Univac brought in experts from many of its previous airline projects to unlock the performance of the TIP system.  Turned out, most of them could not in a short visit grasp the complexity of the TIP solution.  The exception was Ed Mack who previously led implementation of the Eastern Airline reservation system.  Ed visited multiple times over a 3-month period.  

He helped the Univac team determine that the current implementation had exhausted 100% of core memory, 100% of input-output capacity, and 100% of CPU instruction processing capacity.

 On his last visit he threw up his hands in dismay.  His parting comment: “I kept looking for some major logic error in the design of this solution.  Now that I fully comprehend how TIP works, I realize it is logically correct.  It is just ungodly slow!  I can’t imagine it can be fixed.”

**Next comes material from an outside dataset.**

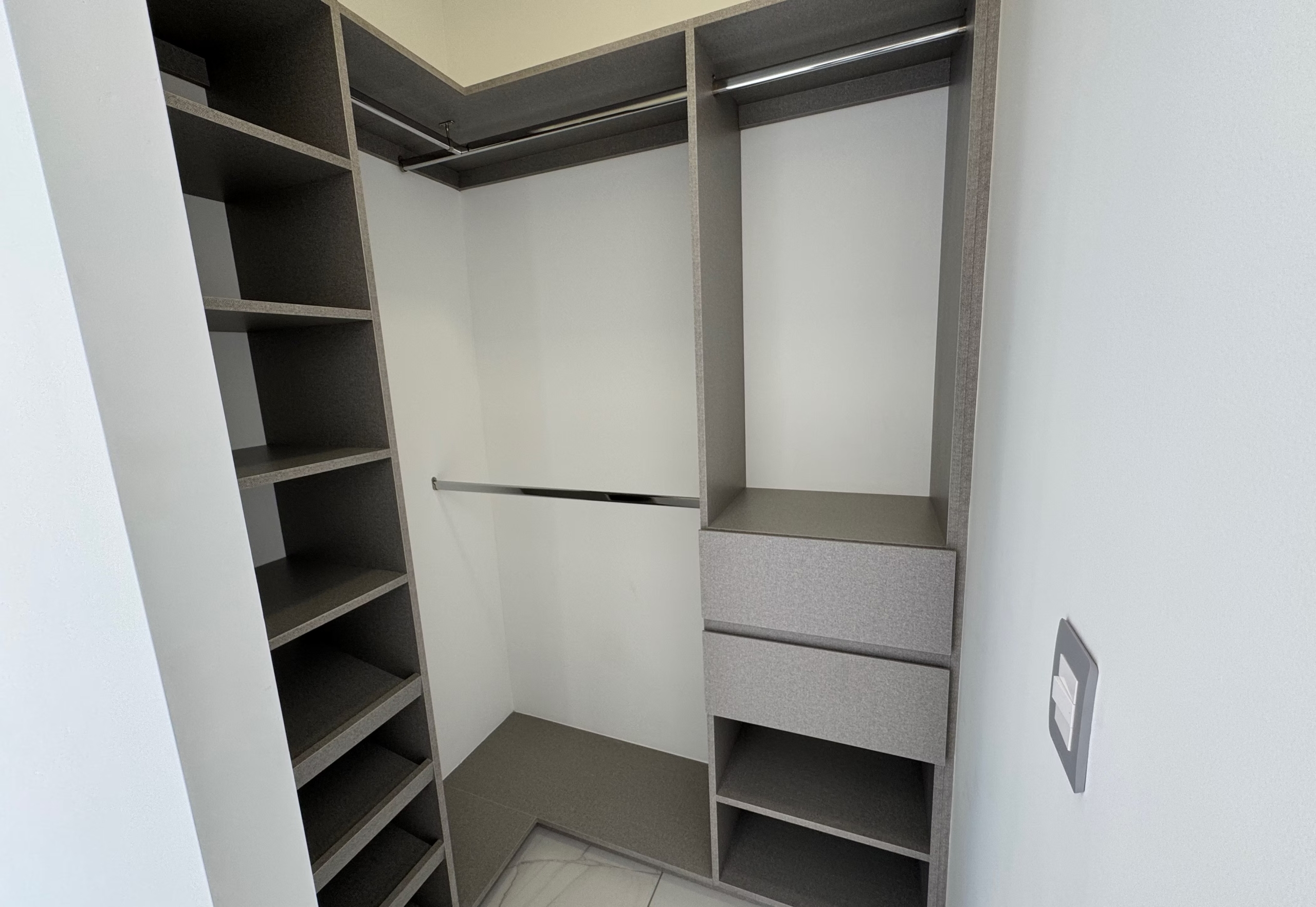 Apartamento de 2 habitaciones en Torre Kuarzo 24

 The programming team realized that performance had never been a topic of conversation.  Their entire focus had been on figuring out how to modify Exec 8, so it could handle transactions at all.  During this review period, Larry got to see the project contract.  To his amazement, the contract clearly called for a sleek, lean dedicated real time solution – not something grafted on top of the ponderous Exec 8!

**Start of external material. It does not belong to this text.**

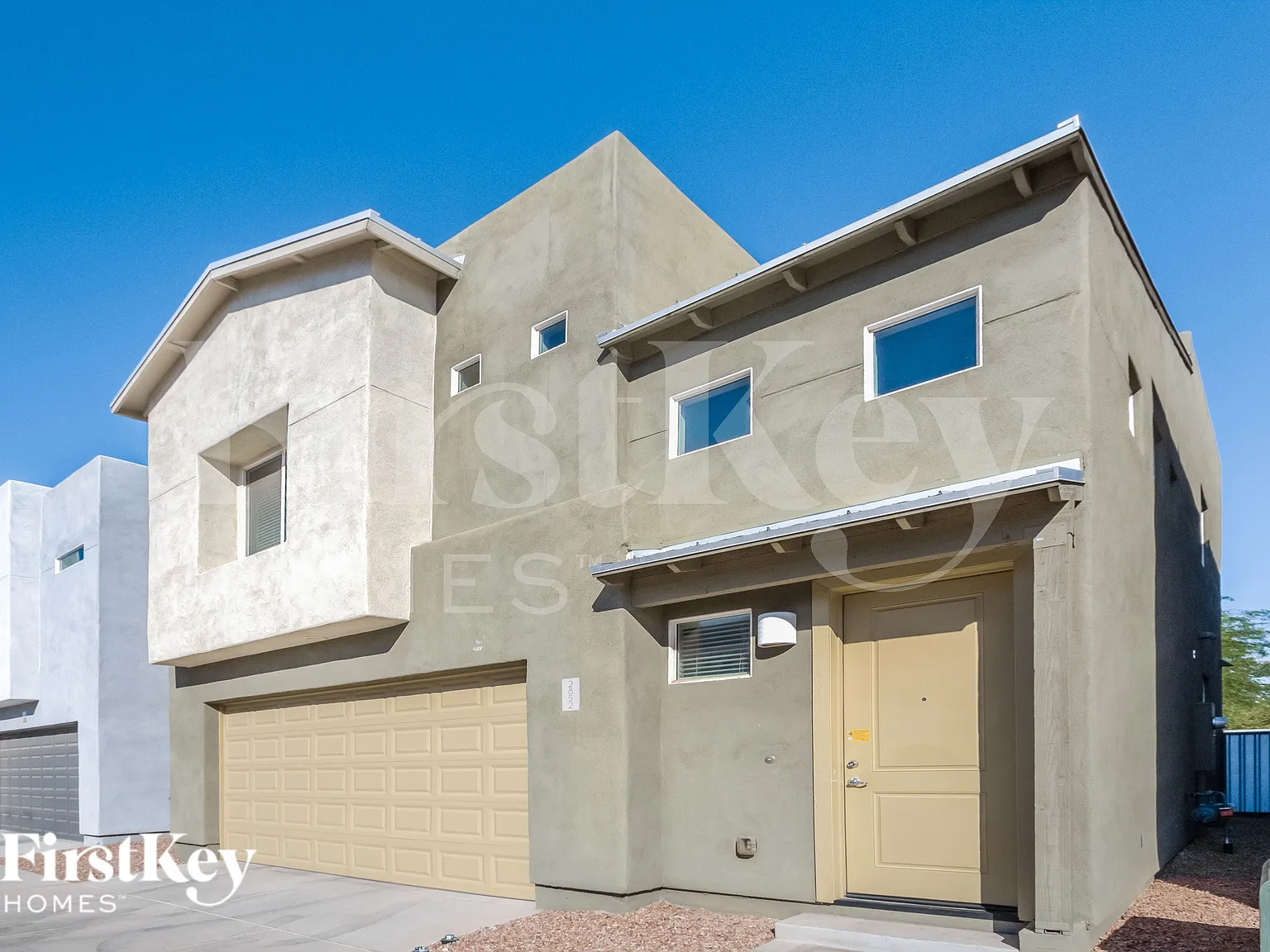 3 bed, 3.0 bath, 1500 sqft, $2,205 — Photo 3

 Despite this Mack’s forecast and the realization that they were climbing a steep mountain, the programming team dug in even while realizing that every improvement had to be absolutely a reduction in use of every computing system resource – use less memory, use less input-out, use less CPU.  Day by day they made progress.  Some key improvements:

  • While the switching software in Exec 8 took a minimum of 1,000 executed instructions, one day one of the programmers realized that the way the switching software used the “lock-unlock” instructions could lead to incredibly long queuing, unqueuing processes.
    • Eventually, they realized that most of the locks were unnecessary as each CPU was focused on a single, unique query transaction.  The team deleted the locks and performance leaped ahead.  (Roseville refused to accept the logic of these changes.)
  • The Fortran expert reviewed the application programs and discovered that some of the applications were making input-output requests inside of Fortran loops – for no good reason.  Moving the requests outside of the loops provided another performance leap forward.

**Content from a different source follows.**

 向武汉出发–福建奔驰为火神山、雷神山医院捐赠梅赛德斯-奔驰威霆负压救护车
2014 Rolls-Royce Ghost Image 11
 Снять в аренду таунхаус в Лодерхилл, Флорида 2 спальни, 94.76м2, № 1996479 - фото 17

 While this ‘leaps’ were essential, the rest of the missing performance had to come from painfully reviewing every piece of executive code to reduce the instruction counts, every use of input-output code to reduce instruction counts + serious review to determine if the IO request could be avoided completely, every use of core memory to reduce the amount of space required.  And – no tradeoffs were allowed as every resource had been exhausted.

 This painful focus on performance went on for a year.  Time to demonstrate the progress with another live, nationwide test.  The test would again be in the evening to minimize disruption of the airline operations.  The test was launched, breaths were held, fingers were crossed.  The system seemed to be purring ahead.  Performance measures had been built in, so the watchers could get a glimpse.  At the end of the test period, the average performance over the test period was reported: 90,000 transactions per hour!

 UAL project team members were dancing on desktops.  Project leaders were relieved.  While still short of the 110,000/hour required, Univac also had promised to deliver their latest computer mainframe which was fast enough to make up the difference. 

Larry went home satisfied that 4+ years of his life had not been wasted.

***

At 9:00 the next morning, Larry got a call from Univac management: 

UAL had canceled the contract and demanded immediate removal of the system.

 Crushed, Larry then had to call the other 7 members of his executive team to deliver the incomprehensible bad news.

Reflection:

Lou Thomas was the hands-on Univac UAL project manager.  TIP was his visionary solution for the UAL contract.  When the UAL contract was canceled, Lou took TIP to Univac’s Salt Lake City Division which built Univac’s communication devices.  TIP became a successful real time processing add-on to Exec 8 where it competed with IBM’s CICS product, an add-on to their OS 360 operating system.